Copy the data precisely, character for character, and leave out every picture.
▬▬▬
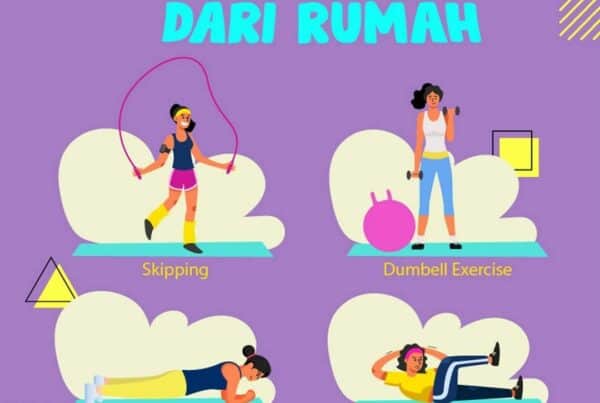 Tetap Sehat dari Rumah Tetap Sehat dari Rumah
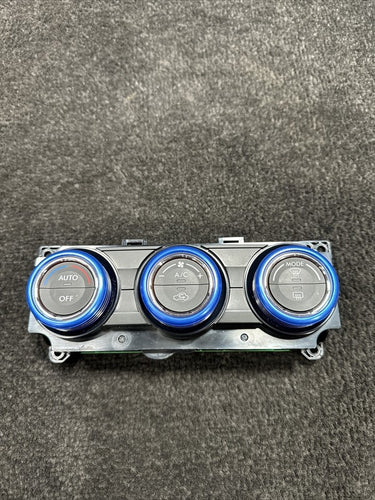 72311VA040 2015 Subaru WRX STI AC Climate Control Switches OEM 72311VA040 Blue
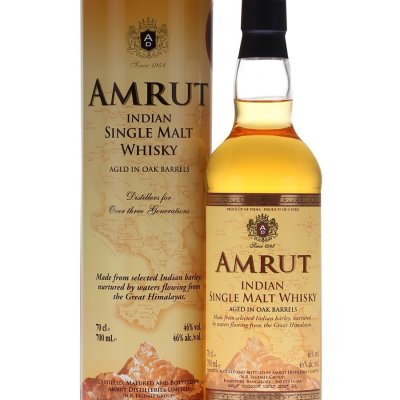 Amrut whisky indien à Bourges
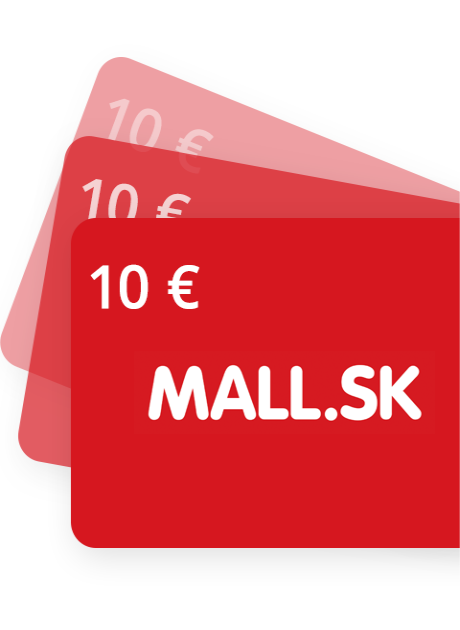 10 EUR Poukážka do Mall.sk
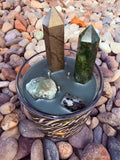 Money Flows to me Easily Crystal Candle Reiki Blessed by Queen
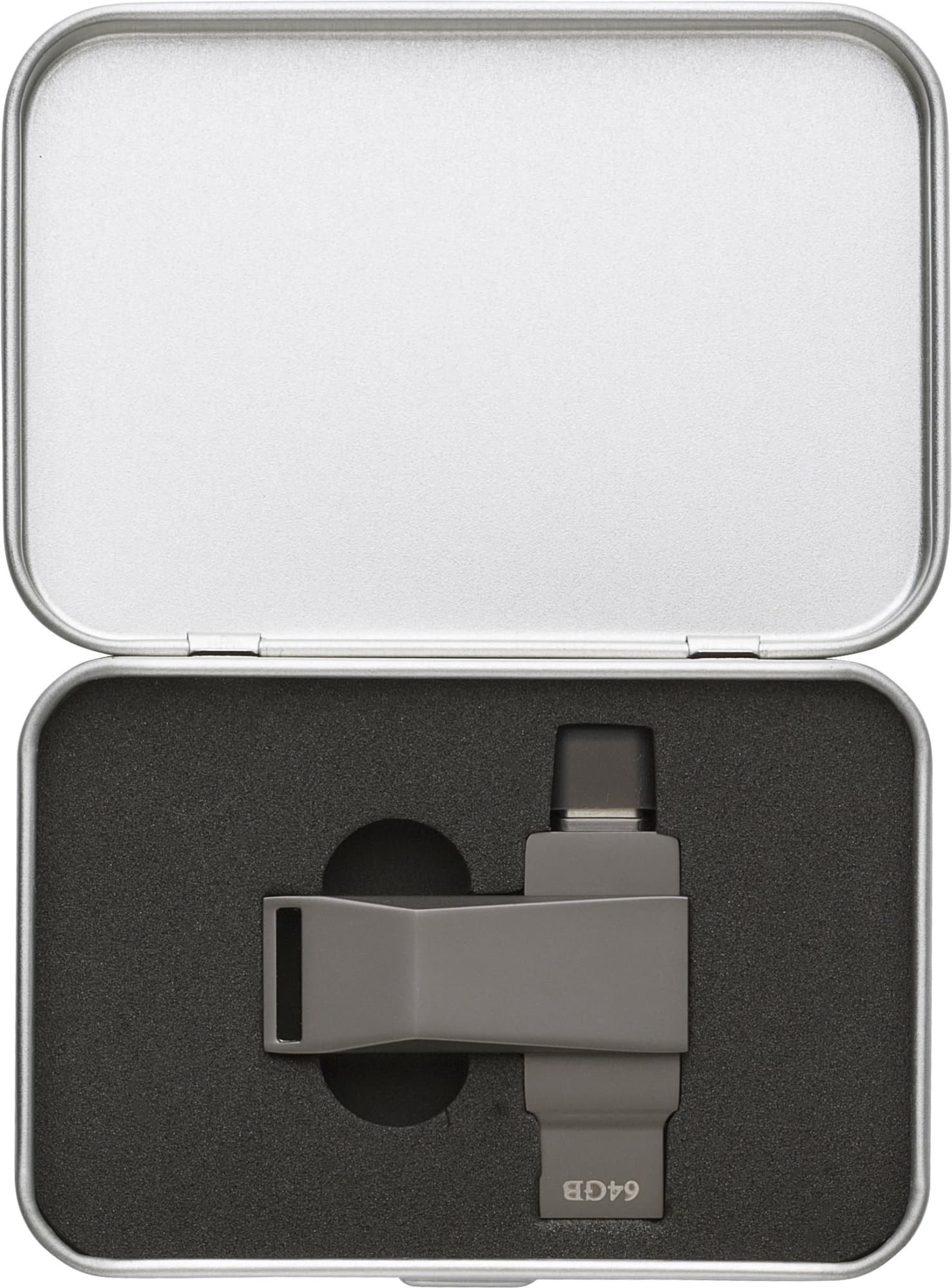 Zinc alloy USB stick Dorian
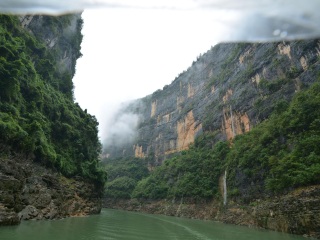 襄阳南河小三峡
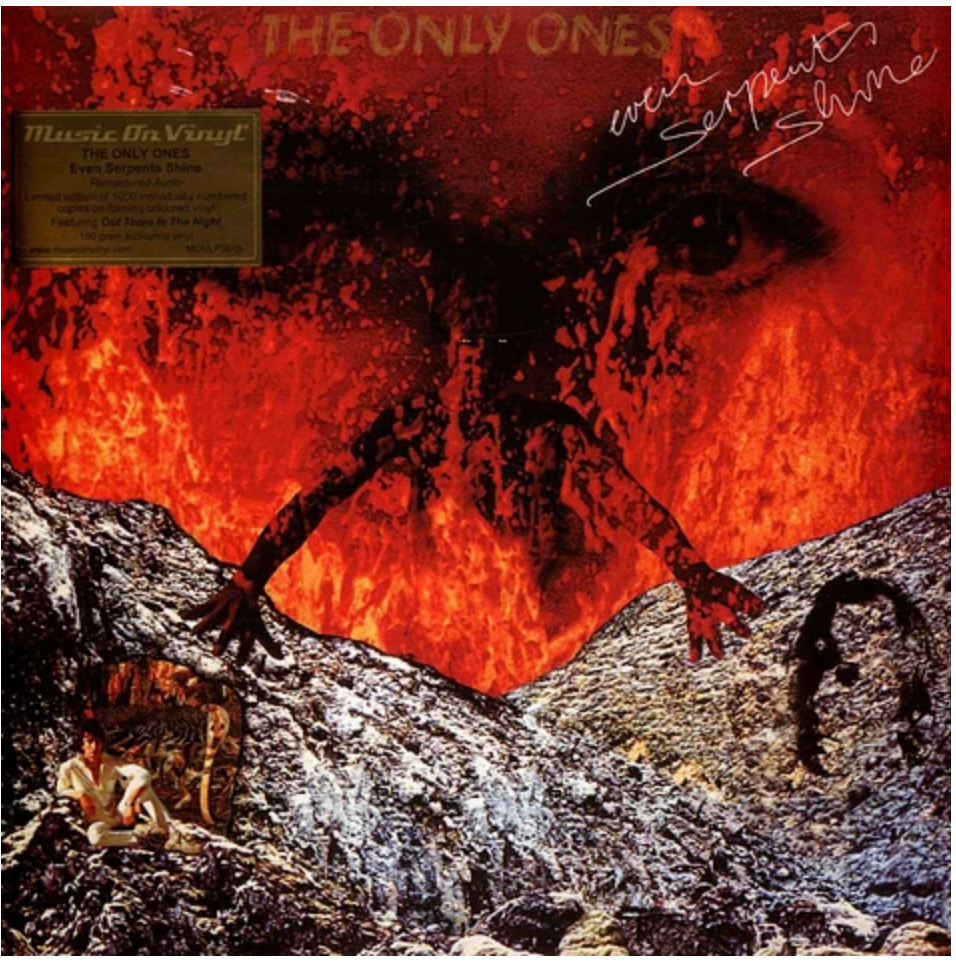 ONLY ONES, THE (ジ・オンリー・ワンズ) - Even Serpents Shine (EU 1,000枚限定ナンバリング入再発180グラム「イエローヴァイナル」LP/New) '79年セカンド!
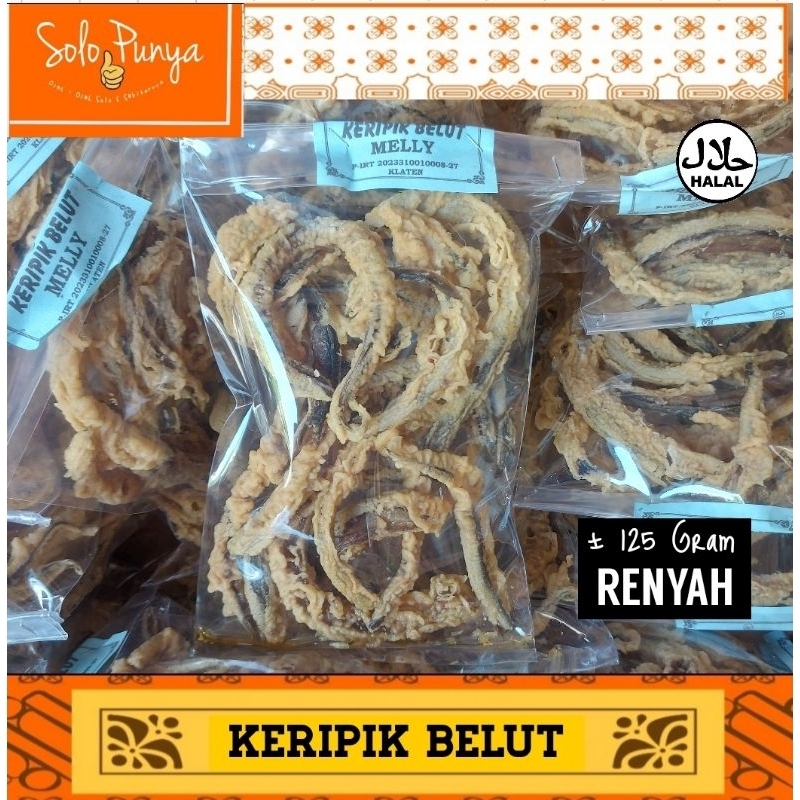 

KERIPIK BELUT RENYAH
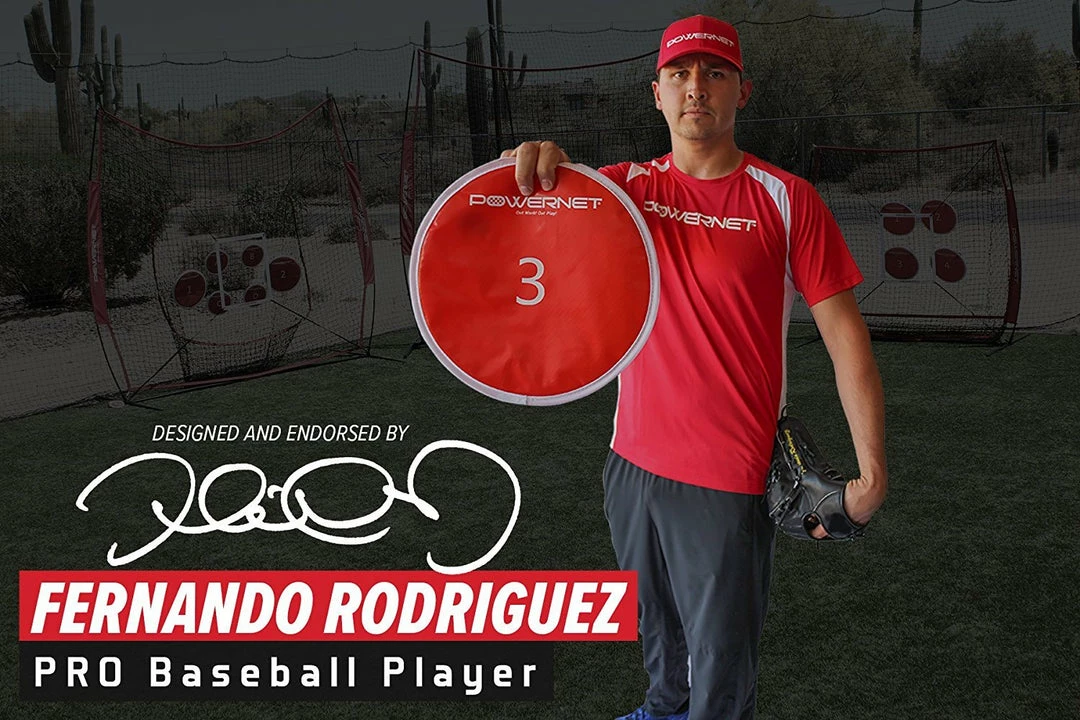 PowerNet Pitch Perfect Pitching Trainer Targets TRAINING AIDS 5 PowerNet Pitch Perfect Pitching Trainer Targets TRAINING AIDS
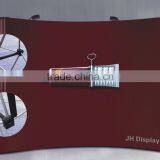 Advertising Pop up Spring Lock Exhibition Wall 6ft 8ft 10ft Maganetic Display Stand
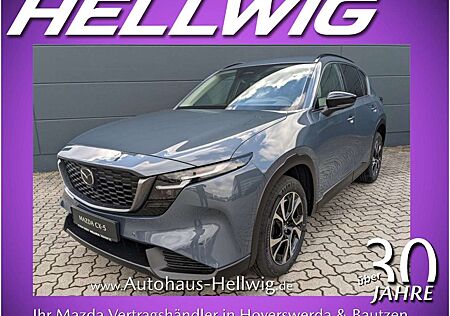 Mazda CX-5 2.5l (141PS) Exclusive Teilleder Schwarz/ weiß NEU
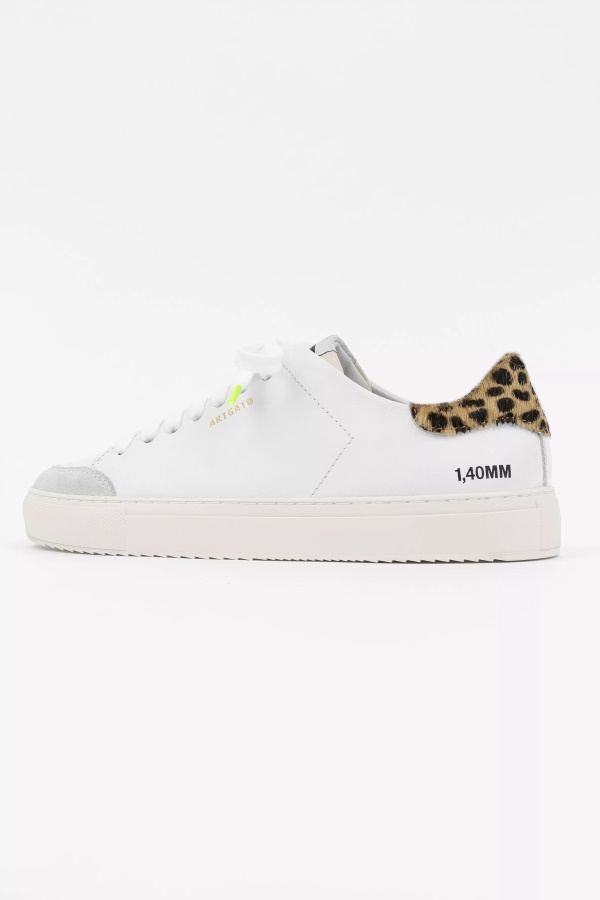 Axel Arigato White Leopard Cremino Clean 90 Triple Animal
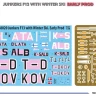 Miniart 48020 Junkers F13 with Winter Ski Early Prod. 1/48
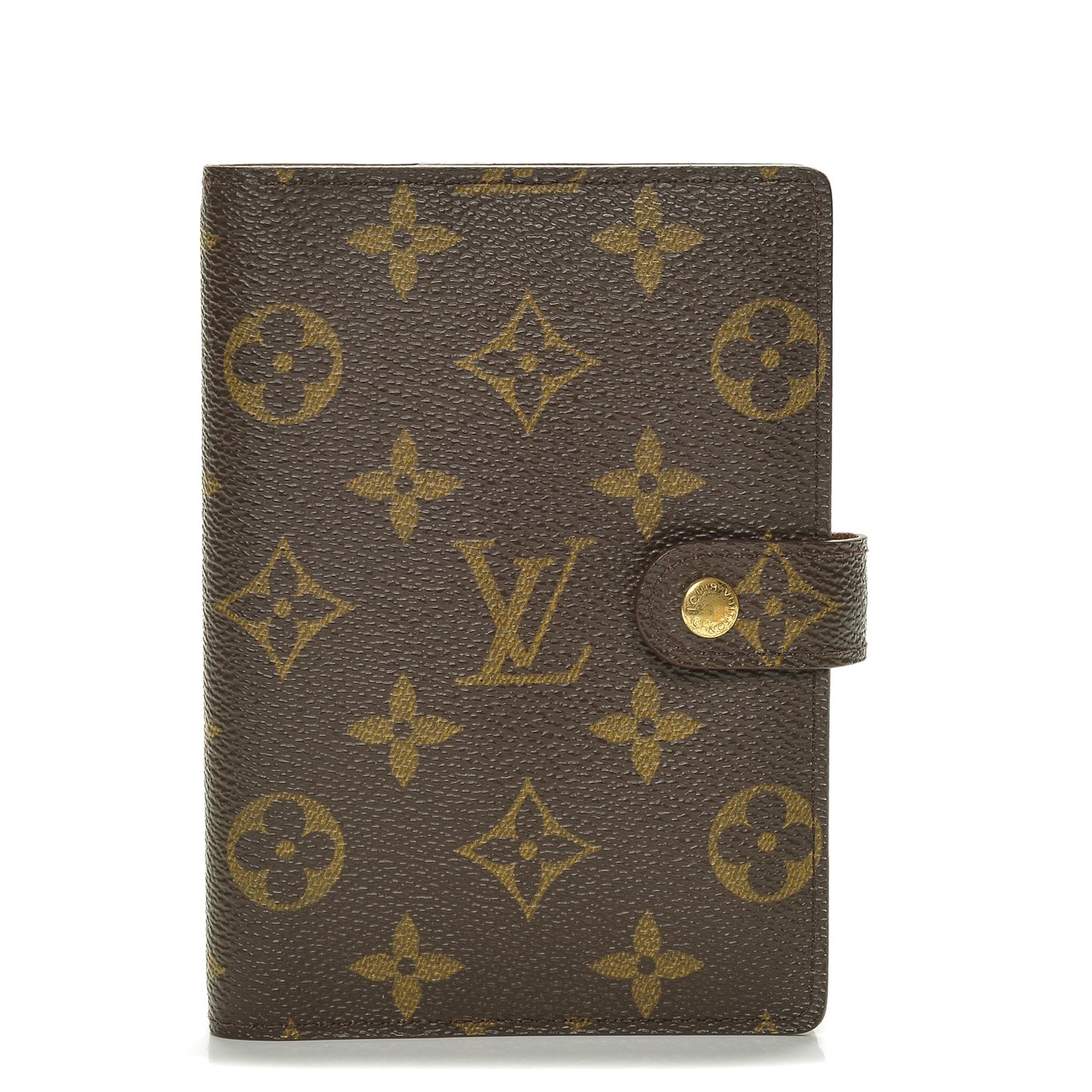 Monogram Small Ring Agenda Cover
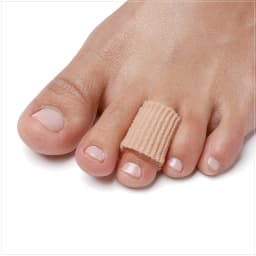 Fabric Toe Separator Finger Protector Pedicure Tool Foot Care Applicator for Personal Hygiene And Beauty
▬▬▬
Answer to the problem:
 Tetap Sehat dari Rumah Tetap Sehat dari Rumah
 72311VA040 2015 Subaru WRX STI AC Climate Control Switches OEM 72311VA040 Blue
 Amrut whisky indien à Bourges
 10 EUR Poukážka do Mall.sk
 Money Flows to me Easily Crystal Candle Reiki Blessed by Queen
 Zinc alloy USB stick Dorian
 襄阳南河小三峡
 ONLY ONES, THE (ジ・オンリー・ワンズ) - Even Serpents Shine (EU 1,000枚限定ナンバリング入再発180グラム「イエローヴァイナル」LP/New) '79年セカンド!

KERIPIK BELUT RENYAH
 PowerNet Pitch Perfect Pitching Trainer Targets TRAINING AIDS 5 PowerNet Pitch Perfect Pitching Trainer Targets TRAINING AIDS
 Advertising Pop up Spring Lock Exhibition Wall 6ft 8ft 10ft Maganetic Display Stand
 Mazda CX-5 2.5l (141PS) Exclusive Teilleder Schwarz/ weiß NEU
 Axel Arigato White Leopard Cremino Clean 90 Triple Animal
 Miniart 48020 Junkers F13 with Winter Ski Early Prod. 1/48
 Monogram Small Ring Agenda Cover
 Fabric Toe Separator Finger Protector Pedicure Tool Foot Care Applicator for Personal Hygiene And Beauty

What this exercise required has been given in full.